If your responsibilities are holding you back from working on your own goals on a daily basis, you always have a choice to reassess your situation and find another way. It's not a simple choice most of the time, but it is a choice nonetheless. If you're expecting someone to give you a break, unfortunately, you'll be waiting forever. You - and only you - are responsible for shaping how your days will go.
Small steps for your Practical Good
If you're ready to reclaim your days and prevent others from sucking you into their world for their own needs, here are a couple of steps you can start taking to keep control of your valuable time and do the things you want to do the most:
- This evening, spend 5-10 minutes planning how you want your day to go tomorrow: Sit down with pen and paper, or open your electronic calendar, and think about how you would like to shape your day.
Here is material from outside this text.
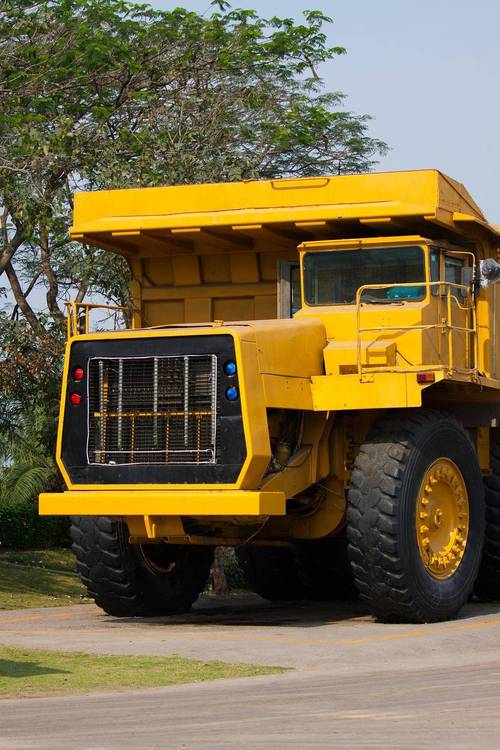 办公桌上的笔记本与鼠标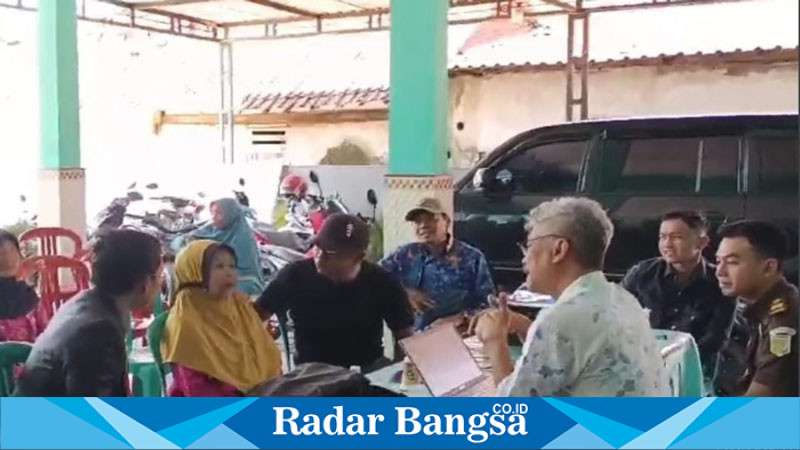 Kejaksaan Negeri Bondowoso bersama auditor dari BRI melakukan audit terhadap warga Desa Wonosari yang namanya diduga dicatut untuk pemohonan kredit fiktif di BRI Tapen (ist)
Think about the tasks you want to accomplish, and while taking into consideration your responsibilities, start writing down how you'll use your time the next day. Try to fill in as much as possible. The goal here isn't to get everything done since there's always the possibility of unexpected events that will change your schedule. But by having a plan, it will allow you to stay focused on what you need and want to do without getting sidetracked.
- Practice saying "no" the next time someone asks you to do something that will throw you off track: The next time anyone asks you to do something small for them, whether it be your friends, family, or co-workers, practice saying "no" to their request. It takes practice so don't worry if you still feel the urge to accept despite your plans getting ruined. At the very least, ask to have a minute to think about it instead of accepting immediately. By thinking about saying "no", your brain will start to get used to it and will eventually make it easier for you to reject the things you don't want to do and stay on your path.